The problem is when I am using load data in file command as below:

LOAD DATA LOCAL INFILE '/tmp/keys.csv'
INTO TABLE key
FIELDS TERMINATED BY ','
LINES TERMINATED BY '\n'
(uuid,uuid_tags_codes);

After I am executing this command it mysql is running but it is unresponding and I have to delete the table from filesystem and restart it,
Also I think the system have no enough data storage 10G free space in total before importing the file.
But this is OK I always can Improve the server machine, by extending the SSD size.

Here are my questions:

  1. In case I extend my SSD drive should this process be OK, is mysql single table should be able to handle 6-8G data of 2 cols?

  2. Is Mysql is the right solution to my case, or should I use different DB server for the pulling this info?

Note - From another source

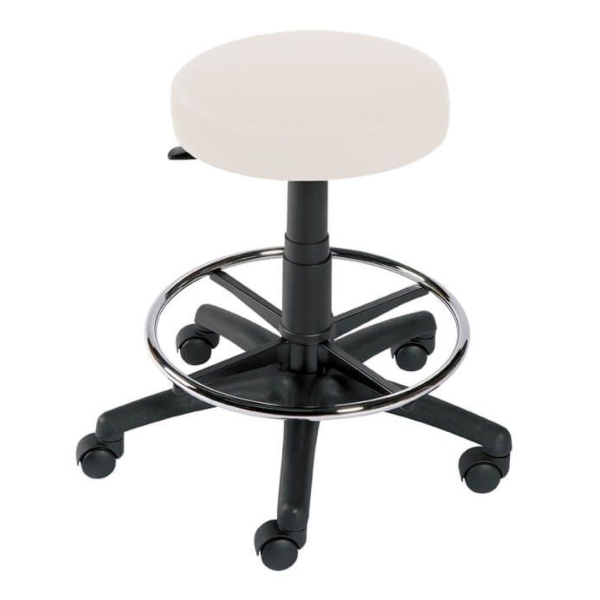 Gas Lift Examination Stool with Foot Ring - White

  3. In case using mysql is ok, is my table definition is ok for the data I am storing in it? and what type of indexing should I use?

Best Answer

Let's do some calculation:

uuid: 36 bytes (Add 1 because it is varchar) ==> 37
uuid_tags_codes: 4 bytes
When indexed, full length of uuid field: 100 bytes

(37+4+100)bytes * 162,281,544 rows = 21.3 G

So, 21G without adding the overhead! Therefore, your first problem is the space.

To answer your questions:

  1. It is more than 6-8G. To ba safe you need ~30G. Single MyISAM table can handle that. I don't recommend it though. MyISAM is not as safe as InnoDB for example.
  2. MySQL is not wrong solution, but I think there are better solution. Since it is kind of look up table, key-value store would do better job. For example, memcache, Redis.
  3. You can improve the structure by making uuid char(36). In fact, this article has even more efficient solution. Also, use the smallest integer type that fits your maximum value of uuid_tags_codes
  4. You may want to load the data first to the table without its indexes, then create the required index.

HTH